## Problem to solve
Look through the data below, tally the lines where "sportfotos" occurs, and write the total alone.

## Caption-style text data
◇ ◇ ◇ ◇
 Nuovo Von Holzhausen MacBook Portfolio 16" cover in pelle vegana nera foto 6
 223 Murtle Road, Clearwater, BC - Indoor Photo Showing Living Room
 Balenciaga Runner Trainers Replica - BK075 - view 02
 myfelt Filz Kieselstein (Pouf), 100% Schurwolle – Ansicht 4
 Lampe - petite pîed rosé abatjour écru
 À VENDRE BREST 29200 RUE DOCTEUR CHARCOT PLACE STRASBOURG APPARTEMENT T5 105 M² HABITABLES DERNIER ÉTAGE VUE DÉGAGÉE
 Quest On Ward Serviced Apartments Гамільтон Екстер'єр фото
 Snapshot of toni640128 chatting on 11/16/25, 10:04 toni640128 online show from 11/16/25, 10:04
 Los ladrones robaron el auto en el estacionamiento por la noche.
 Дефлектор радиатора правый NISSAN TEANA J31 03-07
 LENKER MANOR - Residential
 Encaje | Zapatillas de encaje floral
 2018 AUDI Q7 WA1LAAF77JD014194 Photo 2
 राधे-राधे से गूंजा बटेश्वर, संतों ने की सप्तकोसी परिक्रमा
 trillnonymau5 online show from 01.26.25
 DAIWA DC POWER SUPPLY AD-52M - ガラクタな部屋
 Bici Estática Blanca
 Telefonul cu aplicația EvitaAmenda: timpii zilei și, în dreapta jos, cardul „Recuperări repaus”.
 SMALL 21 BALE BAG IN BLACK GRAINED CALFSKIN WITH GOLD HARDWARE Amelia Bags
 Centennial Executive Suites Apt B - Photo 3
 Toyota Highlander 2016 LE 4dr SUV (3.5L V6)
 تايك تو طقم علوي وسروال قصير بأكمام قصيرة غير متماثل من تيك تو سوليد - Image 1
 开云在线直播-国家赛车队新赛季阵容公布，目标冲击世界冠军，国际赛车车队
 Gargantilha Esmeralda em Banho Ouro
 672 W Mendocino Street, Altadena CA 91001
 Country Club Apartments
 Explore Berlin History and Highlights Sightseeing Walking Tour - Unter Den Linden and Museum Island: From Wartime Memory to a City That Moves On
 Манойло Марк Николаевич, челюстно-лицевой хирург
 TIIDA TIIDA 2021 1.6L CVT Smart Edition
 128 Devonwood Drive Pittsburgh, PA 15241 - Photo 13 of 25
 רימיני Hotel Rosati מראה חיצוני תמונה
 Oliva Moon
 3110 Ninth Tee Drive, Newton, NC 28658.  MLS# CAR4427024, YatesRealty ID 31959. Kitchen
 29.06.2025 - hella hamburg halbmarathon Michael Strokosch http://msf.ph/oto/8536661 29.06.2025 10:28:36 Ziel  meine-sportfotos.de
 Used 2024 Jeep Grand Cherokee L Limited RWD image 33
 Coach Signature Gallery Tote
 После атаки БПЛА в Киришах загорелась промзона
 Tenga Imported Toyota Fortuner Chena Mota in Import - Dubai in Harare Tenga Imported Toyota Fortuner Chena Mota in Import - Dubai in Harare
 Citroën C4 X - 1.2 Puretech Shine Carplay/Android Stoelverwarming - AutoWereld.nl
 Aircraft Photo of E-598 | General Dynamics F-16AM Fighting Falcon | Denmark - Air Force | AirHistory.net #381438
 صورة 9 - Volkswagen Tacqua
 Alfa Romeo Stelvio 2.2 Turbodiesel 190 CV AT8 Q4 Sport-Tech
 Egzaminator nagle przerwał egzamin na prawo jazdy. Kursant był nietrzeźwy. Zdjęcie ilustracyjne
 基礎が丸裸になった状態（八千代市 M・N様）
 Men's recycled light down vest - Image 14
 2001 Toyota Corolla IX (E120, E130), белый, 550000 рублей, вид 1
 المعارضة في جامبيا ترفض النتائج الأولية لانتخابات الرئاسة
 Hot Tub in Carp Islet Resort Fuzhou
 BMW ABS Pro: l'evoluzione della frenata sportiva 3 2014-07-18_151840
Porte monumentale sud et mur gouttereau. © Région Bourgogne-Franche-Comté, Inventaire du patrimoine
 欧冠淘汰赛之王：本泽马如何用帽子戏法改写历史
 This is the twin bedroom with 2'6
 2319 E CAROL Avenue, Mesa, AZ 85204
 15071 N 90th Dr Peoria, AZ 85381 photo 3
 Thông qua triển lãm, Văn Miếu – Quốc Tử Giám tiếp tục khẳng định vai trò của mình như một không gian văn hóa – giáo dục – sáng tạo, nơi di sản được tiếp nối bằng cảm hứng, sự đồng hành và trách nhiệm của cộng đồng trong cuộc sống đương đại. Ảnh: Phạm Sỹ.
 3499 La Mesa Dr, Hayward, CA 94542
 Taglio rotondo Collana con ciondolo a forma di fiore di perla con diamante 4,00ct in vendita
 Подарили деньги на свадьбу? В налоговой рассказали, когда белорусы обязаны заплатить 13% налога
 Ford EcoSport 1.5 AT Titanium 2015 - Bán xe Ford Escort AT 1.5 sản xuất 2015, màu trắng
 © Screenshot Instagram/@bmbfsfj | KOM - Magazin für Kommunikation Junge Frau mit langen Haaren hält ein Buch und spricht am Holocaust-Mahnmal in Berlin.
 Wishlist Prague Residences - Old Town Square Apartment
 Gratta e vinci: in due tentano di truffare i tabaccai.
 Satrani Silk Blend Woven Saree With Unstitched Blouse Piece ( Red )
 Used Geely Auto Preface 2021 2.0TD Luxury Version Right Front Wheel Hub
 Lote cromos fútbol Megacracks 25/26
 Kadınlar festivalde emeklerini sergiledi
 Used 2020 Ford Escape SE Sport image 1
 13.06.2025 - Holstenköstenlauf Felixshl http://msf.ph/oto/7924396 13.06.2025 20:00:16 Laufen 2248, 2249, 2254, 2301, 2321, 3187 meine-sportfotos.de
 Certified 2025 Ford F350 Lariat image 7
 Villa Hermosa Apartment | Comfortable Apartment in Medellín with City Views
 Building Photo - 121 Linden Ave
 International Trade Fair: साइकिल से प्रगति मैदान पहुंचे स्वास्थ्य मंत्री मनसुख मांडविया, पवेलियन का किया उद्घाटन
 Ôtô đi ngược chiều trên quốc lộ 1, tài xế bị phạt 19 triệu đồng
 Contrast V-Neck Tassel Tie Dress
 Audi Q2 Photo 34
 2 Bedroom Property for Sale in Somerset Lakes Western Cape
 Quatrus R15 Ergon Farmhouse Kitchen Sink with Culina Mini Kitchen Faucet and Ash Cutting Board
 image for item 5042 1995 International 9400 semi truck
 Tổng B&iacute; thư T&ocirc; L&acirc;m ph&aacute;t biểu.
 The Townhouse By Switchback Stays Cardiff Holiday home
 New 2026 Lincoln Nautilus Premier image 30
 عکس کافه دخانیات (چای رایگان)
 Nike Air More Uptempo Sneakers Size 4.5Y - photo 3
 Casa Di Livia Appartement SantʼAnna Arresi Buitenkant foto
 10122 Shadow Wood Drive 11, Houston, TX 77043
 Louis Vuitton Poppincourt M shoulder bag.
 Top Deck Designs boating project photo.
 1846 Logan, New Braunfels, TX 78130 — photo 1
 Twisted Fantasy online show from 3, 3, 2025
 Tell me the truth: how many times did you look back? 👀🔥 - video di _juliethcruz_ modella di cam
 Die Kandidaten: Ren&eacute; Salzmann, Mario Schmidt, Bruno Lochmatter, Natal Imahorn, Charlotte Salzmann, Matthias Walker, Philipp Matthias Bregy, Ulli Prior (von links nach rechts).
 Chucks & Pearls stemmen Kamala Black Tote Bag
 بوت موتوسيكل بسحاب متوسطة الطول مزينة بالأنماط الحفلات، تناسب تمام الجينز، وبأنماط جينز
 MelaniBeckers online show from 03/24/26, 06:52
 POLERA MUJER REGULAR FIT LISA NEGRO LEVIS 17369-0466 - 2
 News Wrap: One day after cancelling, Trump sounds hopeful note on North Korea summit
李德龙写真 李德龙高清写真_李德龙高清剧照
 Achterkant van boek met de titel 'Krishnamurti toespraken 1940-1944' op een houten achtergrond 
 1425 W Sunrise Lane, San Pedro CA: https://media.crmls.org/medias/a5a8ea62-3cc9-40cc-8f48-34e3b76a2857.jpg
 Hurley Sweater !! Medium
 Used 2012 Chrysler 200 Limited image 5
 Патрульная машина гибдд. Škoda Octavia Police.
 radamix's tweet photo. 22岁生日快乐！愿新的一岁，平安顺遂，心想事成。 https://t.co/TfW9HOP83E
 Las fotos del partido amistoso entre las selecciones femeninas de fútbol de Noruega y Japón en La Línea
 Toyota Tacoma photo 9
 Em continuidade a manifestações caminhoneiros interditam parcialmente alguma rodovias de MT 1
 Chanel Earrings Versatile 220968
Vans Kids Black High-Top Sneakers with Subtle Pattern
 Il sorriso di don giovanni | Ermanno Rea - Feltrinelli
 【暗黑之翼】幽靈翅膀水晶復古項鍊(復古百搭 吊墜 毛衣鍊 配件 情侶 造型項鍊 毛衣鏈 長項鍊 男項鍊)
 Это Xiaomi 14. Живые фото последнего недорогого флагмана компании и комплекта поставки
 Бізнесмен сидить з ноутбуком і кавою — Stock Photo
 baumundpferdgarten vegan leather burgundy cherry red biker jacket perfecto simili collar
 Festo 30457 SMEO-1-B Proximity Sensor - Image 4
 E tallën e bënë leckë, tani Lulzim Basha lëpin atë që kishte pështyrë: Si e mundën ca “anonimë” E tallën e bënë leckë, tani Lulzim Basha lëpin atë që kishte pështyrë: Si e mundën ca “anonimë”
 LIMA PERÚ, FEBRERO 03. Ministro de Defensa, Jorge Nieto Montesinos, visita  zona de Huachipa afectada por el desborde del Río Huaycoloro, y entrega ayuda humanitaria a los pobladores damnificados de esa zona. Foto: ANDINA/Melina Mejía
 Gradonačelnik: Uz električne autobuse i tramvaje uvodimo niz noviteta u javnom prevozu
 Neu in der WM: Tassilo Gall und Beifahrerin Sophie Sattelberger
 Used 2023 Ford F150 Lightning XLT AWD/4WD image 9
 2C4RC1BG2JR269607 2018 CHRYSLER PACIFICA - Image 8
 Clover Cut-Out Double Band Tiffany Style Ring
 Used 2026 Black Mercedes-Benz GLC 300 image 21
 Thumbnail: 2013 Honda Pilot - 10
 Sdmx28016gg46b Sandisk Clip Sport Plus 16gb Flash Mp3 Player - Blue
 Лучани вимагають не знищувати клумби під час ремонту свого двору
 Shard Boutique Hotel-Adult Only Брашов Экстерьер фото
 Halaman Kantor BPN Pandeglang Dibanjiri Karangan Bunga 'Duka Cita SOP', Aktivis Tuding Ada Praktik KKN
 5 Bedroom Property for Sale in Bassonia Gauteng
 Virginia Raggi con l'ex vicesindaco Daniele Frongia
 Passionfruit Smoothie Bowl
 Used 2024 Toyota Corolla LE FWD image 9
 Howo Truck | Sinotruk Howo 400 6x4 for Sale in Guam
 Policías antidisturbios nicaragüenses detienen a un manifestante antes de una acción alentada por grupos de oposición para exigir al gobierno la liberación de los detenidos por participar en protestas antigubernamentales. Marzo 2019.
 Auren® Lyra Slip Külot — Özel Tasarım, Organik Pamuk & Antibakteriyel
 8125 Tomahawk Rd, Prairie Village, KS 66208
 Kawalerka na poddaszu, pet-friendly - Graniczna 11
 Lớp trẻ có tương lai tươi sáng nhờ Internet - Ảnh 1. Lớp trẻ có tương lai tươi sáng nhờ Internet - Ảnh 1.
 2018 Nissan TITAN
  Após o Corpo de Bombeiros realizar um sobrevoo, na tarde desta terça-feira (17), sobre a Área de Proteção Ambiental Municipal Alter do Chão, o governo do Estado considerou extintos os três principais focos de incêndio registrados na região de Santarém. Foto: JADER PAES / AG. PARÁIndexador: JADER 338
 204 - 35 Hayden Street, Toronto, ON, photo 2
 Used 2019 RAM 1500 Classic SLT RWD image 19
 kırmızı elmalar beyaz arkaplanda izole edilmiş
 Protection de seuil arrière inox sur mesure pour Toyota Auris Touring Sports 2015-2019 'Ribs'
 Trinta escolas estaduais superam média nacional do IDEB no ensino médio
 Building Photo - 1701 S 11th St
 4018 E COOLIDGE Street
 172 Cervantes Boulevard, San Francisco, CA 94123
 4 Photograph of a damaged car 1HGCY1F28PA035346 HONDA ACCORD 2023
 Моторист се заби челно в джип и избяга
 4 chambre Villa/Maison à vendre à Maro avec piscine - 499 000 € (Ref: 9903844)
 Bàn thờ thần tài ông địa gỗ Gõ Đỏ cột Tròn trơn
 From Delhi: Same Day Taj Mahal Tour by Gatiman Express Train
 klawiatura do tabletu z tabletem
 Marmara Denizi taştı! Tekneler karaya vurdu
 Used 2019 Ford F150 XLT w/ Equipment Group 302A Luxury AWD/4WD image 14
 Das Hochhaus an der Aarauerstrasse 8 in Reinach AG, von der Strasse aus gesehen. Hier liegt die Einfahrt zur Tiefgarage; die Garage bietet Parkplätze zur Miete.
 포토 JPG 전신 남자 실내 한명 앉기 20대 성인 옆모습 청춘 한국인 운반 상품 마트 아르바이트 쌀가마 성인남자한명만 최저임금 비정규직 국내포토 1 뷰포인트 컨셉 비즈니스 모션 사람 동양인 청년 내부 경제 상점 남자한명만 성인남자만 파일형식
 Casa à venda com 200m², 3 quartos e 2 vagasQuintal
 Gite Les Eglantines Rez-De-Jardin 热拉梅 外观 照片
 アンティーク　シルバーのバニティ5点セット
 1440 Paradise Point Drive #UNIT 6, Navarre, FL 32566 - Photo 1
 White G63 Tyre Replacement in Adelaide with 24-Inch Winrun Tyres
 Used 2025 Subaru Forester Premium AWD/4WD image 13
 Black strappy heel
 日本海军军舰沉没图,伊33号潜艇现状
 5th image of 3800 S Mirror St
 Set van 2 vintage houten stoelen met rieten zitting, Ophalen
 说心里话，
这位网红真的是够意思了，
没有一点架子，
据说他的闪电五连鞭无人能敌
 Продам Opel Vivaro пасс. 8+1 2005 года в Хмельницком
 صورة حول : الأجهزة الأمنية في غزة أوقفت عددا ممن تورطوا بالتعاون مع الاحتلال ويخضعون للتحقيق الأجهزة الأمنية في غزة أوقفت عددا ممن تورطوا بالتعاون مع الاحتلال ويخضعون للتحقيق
◇ ◇ ◇ ◇
## Problem solution
2